Once the pain and inflammation is reduced, and motion and strength are improved it is important that the patient returns to full activity gradually. Instruction in daily activities and a comprehensive home program are helpful for reducing a reoccurrence of flare-ups and slowing the degenerative process. As a preventive measure individuals should:

  • Movement: keep moving and avoid a sedentary lifestyle. Joints are meant to move and depend on movement for lubrication. Sitting and remaining sedentary will reduce the joint’s available range of motion.
  • Stretching: stretching regularly in addition to before and after activity will reduce the chances of developing joint stiffness and pain. Stretching will also improve and maintain the elasticity and flexibility of muscles and tendons of the joint. Hold stretches for 20 seconds and do not bounce. Remember, as joints age flexibility is lost. It is part of the aging process.

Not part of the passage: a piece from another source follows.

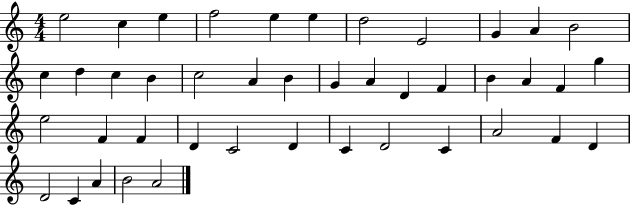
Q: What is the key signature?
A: C major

  • Strength: performing a regular strength program will keep muscles strong enough to absorb the stresses placed on the joints. Weak muscles allow the stress and forces of every day activities to be transferred to the joint surfaces. Remember, as people get older weakness increases.
  • Protection: Avoid activities that place increased stress on the knees. This includes kneeling, squatting, running or high impact activities.